In spite of making child welfare a central plank of his argument, Mason doesn't consider the fact that First Nations Child and Family Services Executive Director Cindy Blackstock is presently challenging the government of Canada in a Human Rights Tribunal over chronic underfunding of on-reserve child welfare--leaving Aboriginal kids across Canada with as much as 20% less of the funding their non-Indigenous counterparts receive. That stuff, to Mason, seems too vague to have any power over whether Aboriginal women get murdered.

"The hard truth about today's debate around missing and murdered aboriginal women," Mason says, "is this: Nothing will be done to address this matter until aboriginal leaders own some of the responsibility themselves. For too long now, they have pointed the fingers at everyone else and refused to be held accountable. It's the province's fault. It's Ottawa's fault. It's the fault of everyone but First Nations themselves."

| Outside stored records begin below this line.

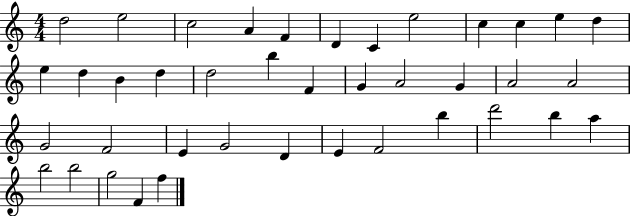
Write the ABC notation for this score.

X:1
T:Untitled
M:4/4
L:1/4
K:C
d2 e2 c2 A F D C e2 c c e d e d B d d2 b F G A2 G A2 A2 G2 F2 E G2 D E F2 b d'2 b a b2 b2 g2 F f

Putting aside the shrill racism of the assumption that "Aboriginal leaders," generally, agree on anything at all, and that none has borne responsibility for failures in his or her community leading to issues such as increased family violence, addiction, or homelessness, it's still stunning that Mason can miss the central problem of missing and murdered women: the notion that the women themselves have little value to those around them.

There is no question that in many Aboriginal communities across Canada, there are problems with substance abuse and family violence. A quick review of Canadian history leads to the unfortunate conclusion that stealing Native children, beating their languages and cultures out of them for years, often raping and torturing them for good measure, and dumping them back in the communities you worked hard to teach them were worthless is probably a good way to promote a high degree of violence and addiction.

This is, as Mason puts it, "the hard truth." It is very hard and very shameful to admit that for well over 100 years, our country engaged in a quiet genocide (defined according to Article 2, parts b, c, e, and sometimes d, of the UN's Convention on Genocide) against Aboriginal people through the Indian Residential Schools system. When it finally closed the schools, our country didn't do nearly enough (or, for that matter, very much at all) to attempt to right the enormous wrong of their having existed for so long. That wrong lives on in suffering communities from coast to coast to coast, and it's not hard to understand why even if it's hard for some to accept. On reflection of our official history of destroying Aboriginal people and families, it's tough not to notice that what the government of Canada was doing was driving into those children what so many of us already believed then and still believe now: that Native lives don't matter.

Within their communities, at least, the women who go missing have some value -- that's why Indigenous Nations across Canada have been sounding the alarm over the missing women for years. The real problem is outside of Native communities, where 1,000 missing and murdered women don't add up to the panic Mason profiles over a single missing white girl.

In Tina Fontaine's case -- or in the cases of the many women killed by Robert Pickton -- the killer knew enough to wager that the community wouldn't notice another missing Aboriginal woman. He understood that Aboriginal women don't have a lot of value in Canadian society -- nor do the extremely poor, the drug- or alcohol-addicted, and those who sell sex. So an impoverished Aboriginal girl impaired by drugs or alcohol, willing to accept money or a place to stay in exchange for sex? Who would care if they learned one of those people went missing?

That last question is the one that Gary Mason should have been trying to answer: how do we make police, governments, institutions, and one another care more about Aboriginal women, even if they do things that some among us may find unseemly, like drinking or using drugs or selling sex?

This is precisely the question that those demanding an inquiry into missing and murdered women hope to see answered. Because it's become excruciatingly obvious in Canada that men -- sometimes Aboriginal men, often white men -- can kill Aboriginal women with virtual impunity, and that is not the fault of Aboriginal women, nor the fault of the leaders of the Aboriginal communities they come from. The murders, of course, are the fault of the killers. But the fact that we have such a hard time noticing it happening, let alone bringing the killers to justice, that's someone else's fault, and an inquiry would help us identify the culprits and, hopefully, stem this epidemic. Not just the epidemic of murder, but the epidemic of seeing Indigenous women as worthless.